However, the Plaintiff waives any argument on a purported harassing environment by the Defendant because it presumes a harassing environment existed in this case without developing any argument on why a harassing environment existed. See Duncan v. Wis. Dep't of Health & Fam. Servs., 166 F.3d 930, 934 (7th Cir. 1999) (“It is also true, however, that a party must develop any arguments it wishes this court to consider . . . or they will be deemed waived or abandoned.”).
Therefore, the Court grants summary judgment in favor of the Defendant on the Plaintiff's § 1981 harassment and retaliation claims alleged in the Complaint.
However, a municipality, such as the Defendant, may only be liable under § 1981 when the municipality's “official policy or custom was discriminatory.” Smith v. Chi. Sch. Reform Bd. of Trs., 165 F.3d 1142, 1148 (7th Cir. 1999) (holding that Monell applies to § 1981 suits against municipalities). Consequently, to establish the Defendant's liability under § 1981 in this case, the Plaintiff must produce evidence of (1) an express policy that, when enforced, causes a constitutional deprivation; (2) a widespread practice that, although not authorized by written law or express municipal policy, is so permanent and well settled as to constitute a custom or usage with the final force of law; or (3) an allegation that the constitutional injury was caused by a person with final policymaking authority. Lewis v. City of Chicago, 496 F.3d 645, 656 (7th Cir. 2007). In this case, the Defendant does not address Monell, thus the Court need not address it.

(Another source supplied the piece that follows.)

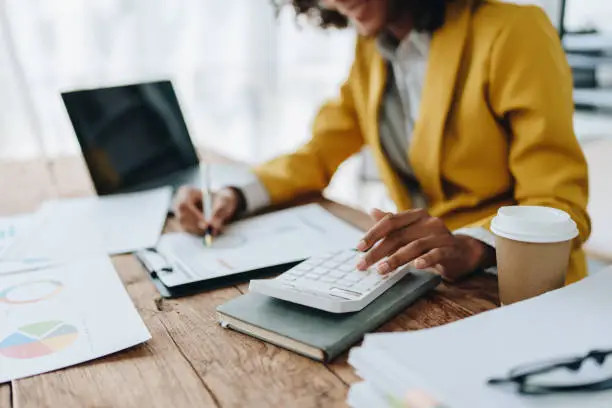 Professional business woman working with calculator and laptop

In the Seventh Circuit, courts “generally apply the same standards to Title VII and section 1981 race discrimination claims at the summary judgment stage.” Smiley v. Columbia Coll. Chi., 714 F.3d 998, 1002 (7th Cir. 2013) (citation omitted). Plus, discrimination claims under § 1981 require the plaintiff to show the protected characteristic “was a but-for cause of [her] injury.” Lewis v. Ind. Wesleyan Univ., 36 F.4th 755, 759 (7th Cir. 2022) (citation omitted). “In assessing whether the evidence would permit a reasonable factfinder to conclude that race caused the adverse . . . action, courts must evaluate all evidence as a whole, regardless of whether such evidence is characterized as direct or circumstantial.” Singmuongthong v. Bowen, 77 F.4th 503, 507 (7th Cir. 2023) (citing Igasaki v. Ill. Dep't of Fin. & Pro. Regul., 988 F.3d 948, 957 (7th Cir. 2021); Ortiz v. Werner Enters., Inc., 834 F.3d 760, 766 (7th Cir. 2016)).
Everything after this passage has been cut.